German playwright Friedrich Schiller (1759–1805) began writing as a means of escape during his enforced military service. After penning his first play, The Robbers (1782), his work was discovered by his superiors and he was forbidden to write. He deserted and lived under an assumed name, working as a court playwright and stage manager. His other plays included Intrigue and Love (1784), Don Carlos (1787), Wallenstein's Camp (1798), The Piccolomini (1799), Wallenstein's Death (1799), Mary Stuart (1800), Maid of Orleans (1801) and William Tell (1804). He formed a close friendship with Goethe, and their collaboration made the Weimar Theatre one of the most prestigious in Germany. He died in 1805 of tuberculosis.

Peter Oswald's original work includes The Swansong of Ivanhoe Wasteway, Allbright, Valdorama, Augustine's Oak and The Golden Ass; and translations include Schiller's Don Carlos, Sophocles' Oedipus Tyrannos, Racine's Phaedra, Fair Ladies at a Game of Poem Cards, Lorca's Dona Rosita The Spinster and a stage adaptation of the Sanskrit epic The Ramayana.

Phyllida Lloyd's previous work for the Donmar includes her award-winning production of Boston Marriage in 2001 and The Threepenny Opera in 1994. She most recently directed Wild East for the Royal Court where she has also directed Six Degrees of Separation and Hysteria. Other credits include The Way of the World, Pericles, What the Butler Saw, The Prime of Miss Jean Brodie and The Duchess of Malfi (NT); and Mamma Mia! (West End, Broadway and worldwide). Also an acclaimed opera director, Lloyd has worked with Opera North and the ENO.  For film, she directed Mamma Mia! which opens worldwide this July.

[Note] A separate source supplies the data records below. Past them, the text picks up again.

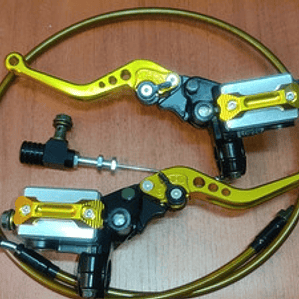 Clutch Y Freno Hidráulico Kit Universal Varios Colores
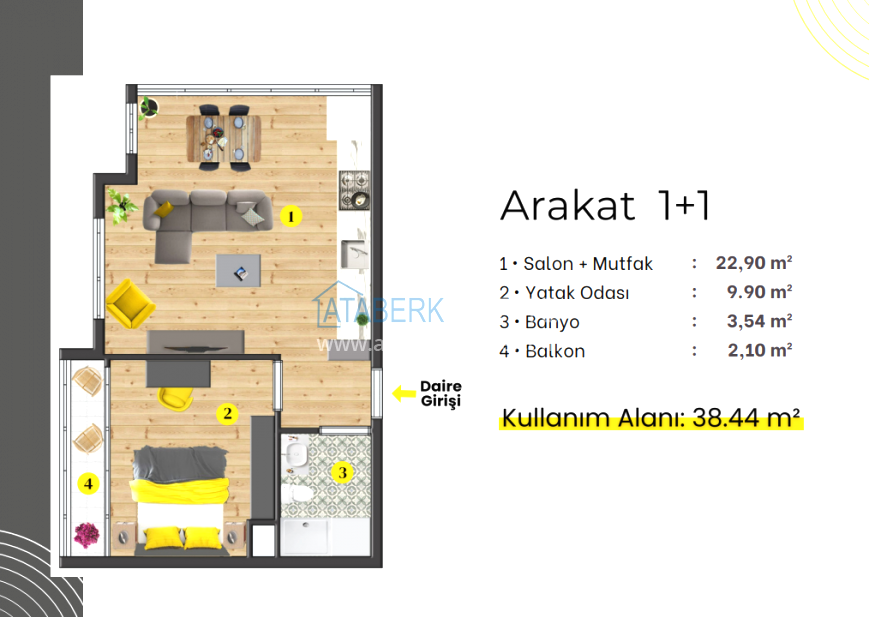 Flat in Antalya, Turkey, 39 m² - picture 18
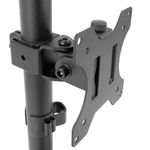 Soporte de mesa ajustable para 2 pantallas 17" - 32" VESA 75x75 100x100 mm - OP03200 - 09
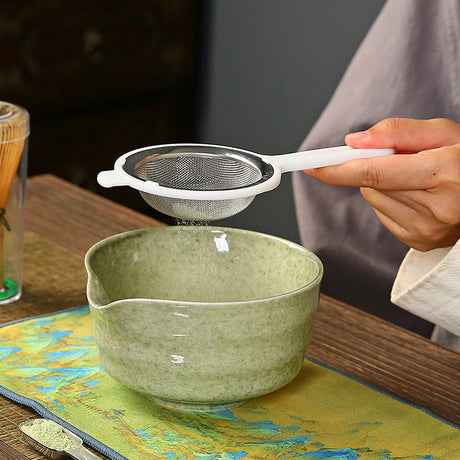 Black Complete Matcha Tea Ceremony Set - 4-Piece Japanese Traditional Whisk, Bowl, Whisk Holder & Scoop for Authentic Preparation at Home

 The Donmar Warehouse is one of London's leading producing theatres and has garnered critical acclaim at home and abroad for its unparalleled catalogue of work. Since 1992, Donmar-generated productions have received 30 Olivier Awards, 15 Critics' Circle Awards, 15 Evening Standard Awards and 13 Tony Awards. The Donmar has a long and successful history of presenting its work outside of its home in Covent Garden. Productions in the West End include Mary Stuart, Frost/Nixon, A Voyage Round My Father, Guys and Dolls, Design for Living, The Glass Menagerie, Company, The Real Thing and Passion Play. Productions on Broadway include Frost/Nixon, Cabaret, Electra, The Blue Room, The Real Thing, True West, Nine and the Public Theater and Donmar collaboration of Take Me Out.